Developments in contract: Part performance
A brief summary of the principles, recent developments and practical tips relating to partial performance of a contract.
Principles
- An offer to partly perform a contract, such as by paying less than an amount already due, cannot, in the absence of fresh consideration, create a binding compromise.
- Good consideration in these circumstances requires some added benefit to the creditor, however, a "practical benefit" does not amount to good consideration: Foakes v Beer.
- However, agreeing to forego a valuable right, such as not to pursue an arguable claim or defence, may amount to good consideration.
Recent Developments
- In Simantob v Shavleyan, the High Court considered whether a variation to a settlement agreement was supported by good consideration.
- Under the settlement agreement, Mr Shavleyan agreed to pay Mr Simantob $1.5m plus $1,000 penalty for every day’s delay in payment. Mr Shavleyan only paid some of the principal on time and therefore owed the outstanding principal and the penalty charges, which continued to accrue.
- Mr Simantob eventually agreed to vary the settlement agreement and accept $800,000 in final satisfaction of the principal and penalty charges owing. The Court then considered whether this variation agreement was supported by good consideration, and therefore binding on Mr Simantob, or whether he could still demand the payment of the amounts due under the settlement agreement.
- The Court dismissed arguments that Mr Simantob received good consideration in the form of prestige and standing in his local community for settling with Mr Shavleyan or through continued access to Mr Shavelyan’s expertise and contacts (as the parties continued to deal). Each constituted only a “practical benefit”, which is not good consideration.

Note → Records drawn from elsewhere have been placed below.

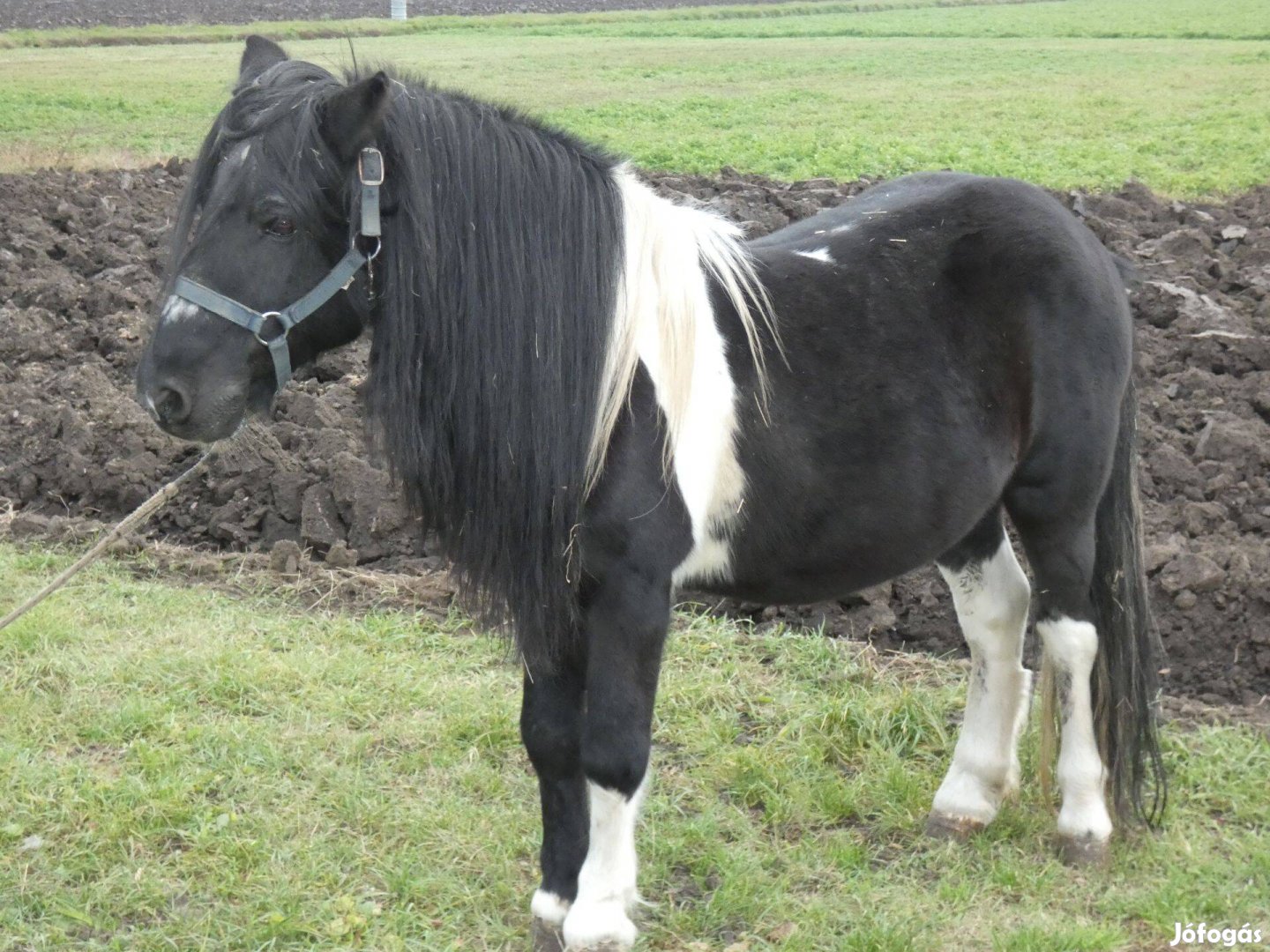 Kocsizós, lovagolható pónik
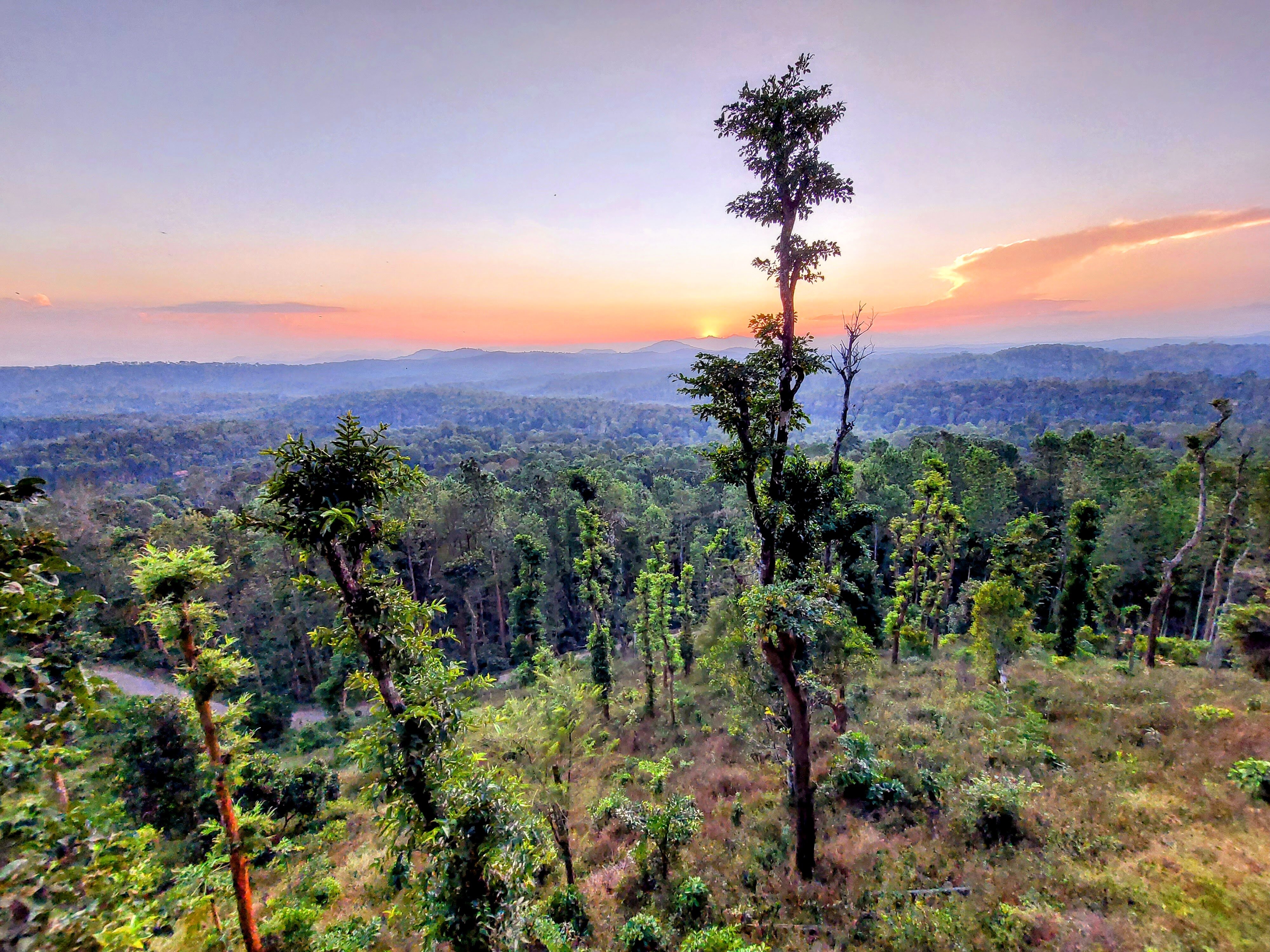 Coorg Cliffs Resort & Spa-酒店景观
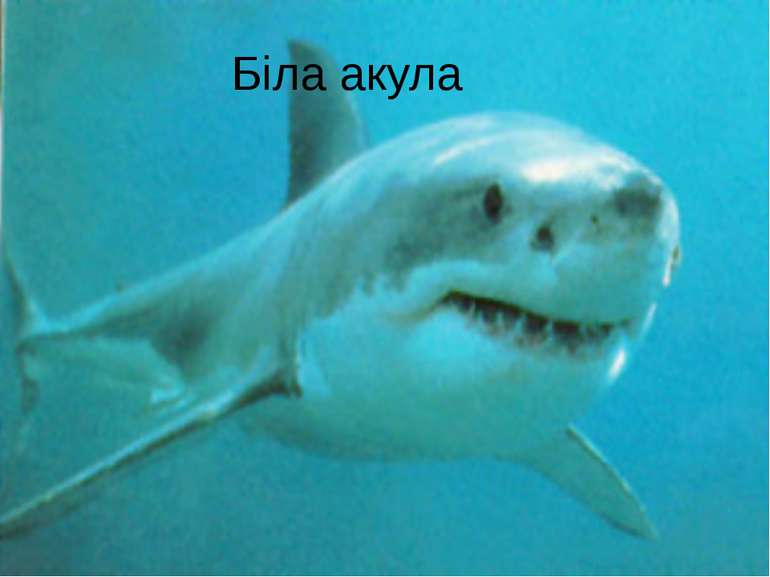 Біла акула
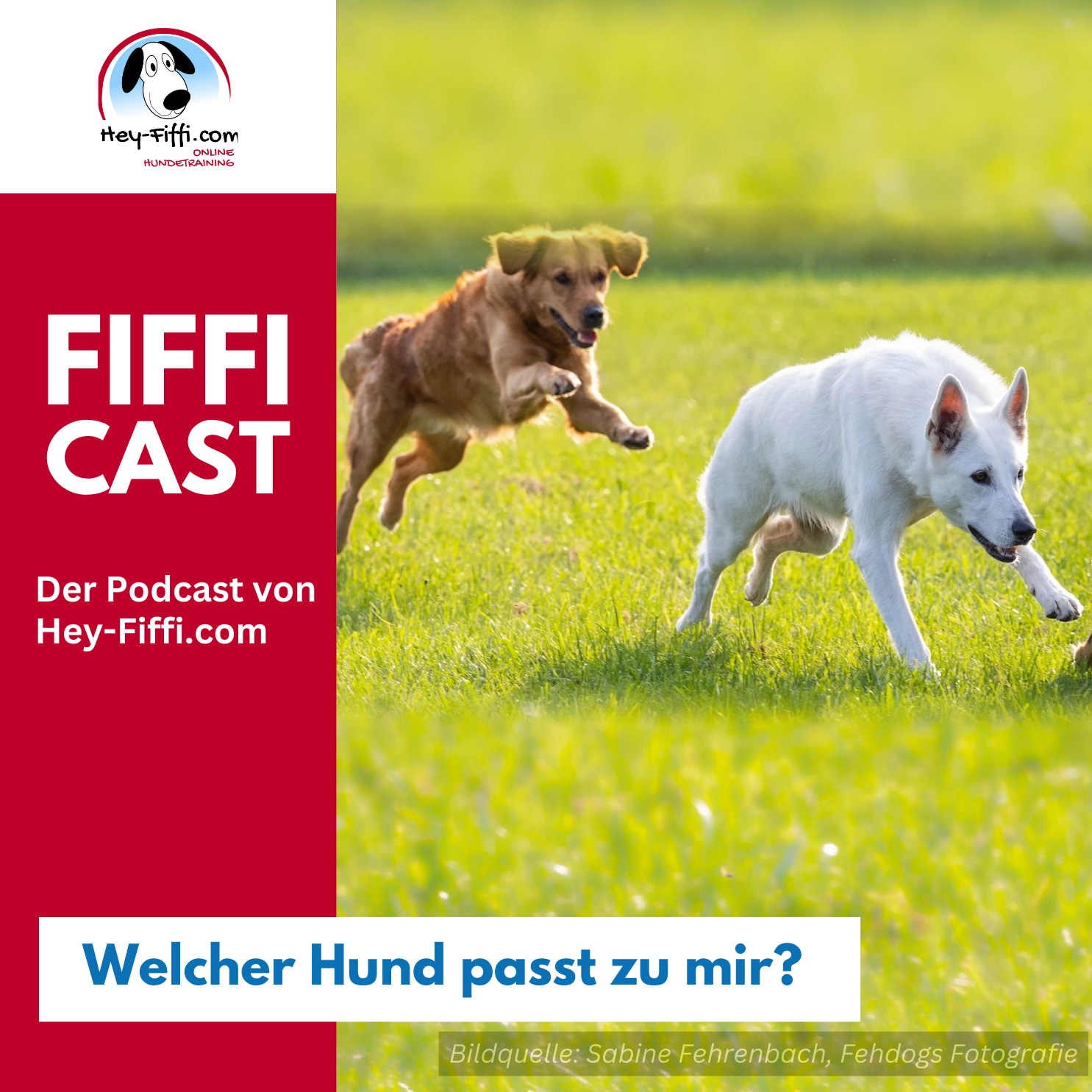 Welcher Hund passt zu mir? episode artwork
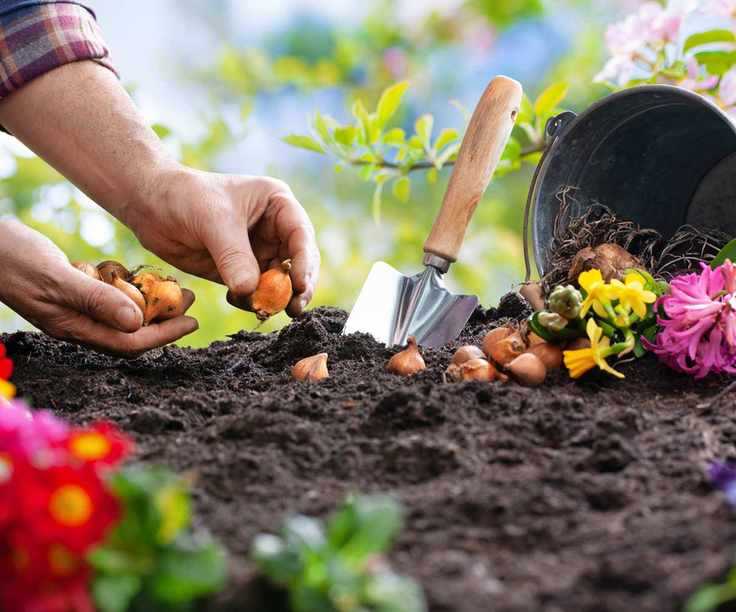 Planting spring bulbs in the garden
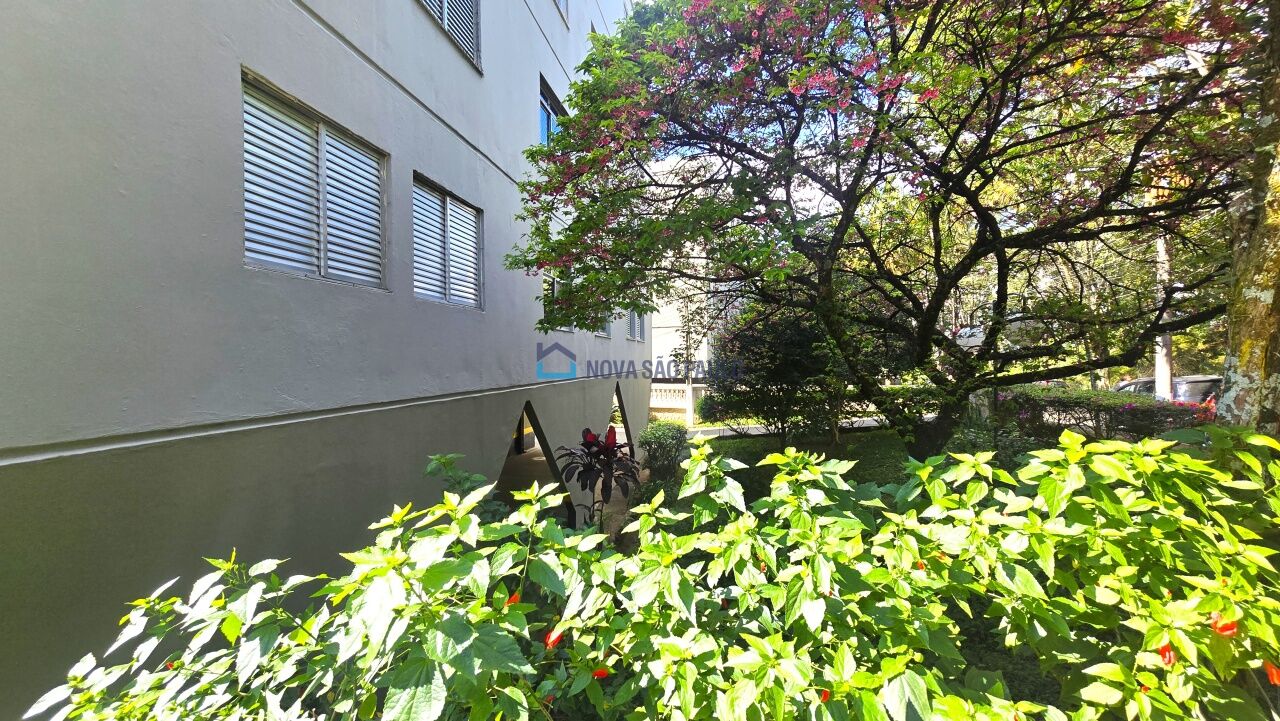 Foto 5 - BI53064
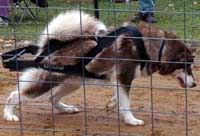 Hudons Malamutes - Cinnabar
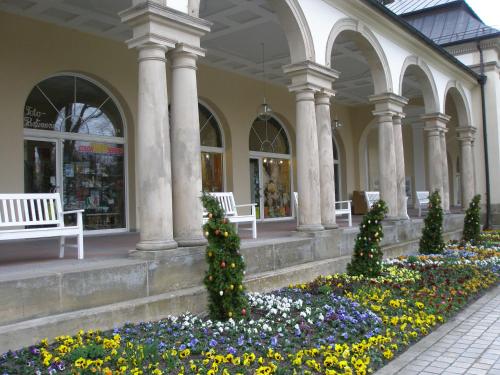 บริการและสิ่งอำนวยความสะดวก, Hotel Promenade in บัด ชเตเบิน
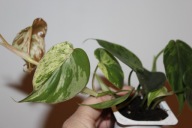 Philodendron oxycardium variegata - sadzonka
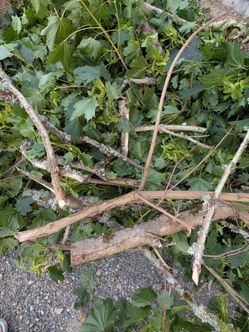 Free wood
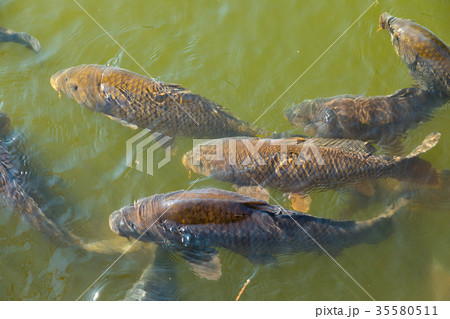 たくさんいる池の鯉　お城のお堀　泳ぐ鯉 35580511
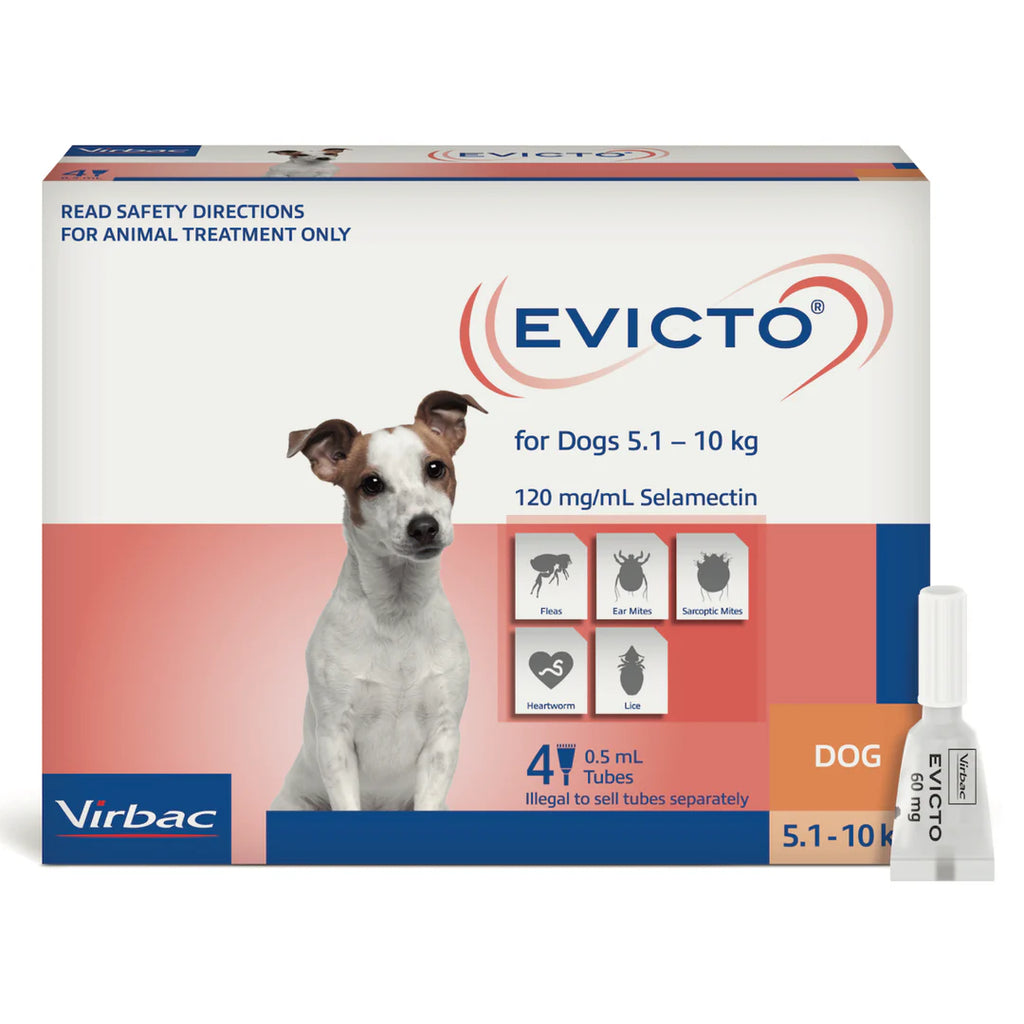 Evicto dog 5.1kg to 10kg - canine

- However, in varying the settlement agreement, Mr Shavleyan had agreed not to challenge the enforceability of the penalty clause in the settlement agreement. This agreement not to run an arguable defence was held to constitute good consideration and the variation was thus binding on Mr Simantob.
What this means
- When parties arrange to make part-payment of a debt or partial performance of a contract, they should consider and specify whether that agreement is intended to discharge the original obligations.
- Variations to the terms of a contract allowing part performance should be signed as a deed to avoid any ambiguity about whether there is good consideration.
- If the underlying contractual obligation is disputed, then it may be argued that an agreement to make part performance was supported by good consideration.
- This is an area of law to watch, as there is Court of Appeal authority for and against “practical benefit” being fresh consideration (see Williams v Roffey and the later Selectmove). The current trend is against this, as demonstrated by this case, but Lord Sumption has expressed the need for it to be considered by an enlarged panel of the Supreme Court when a suitable case arises.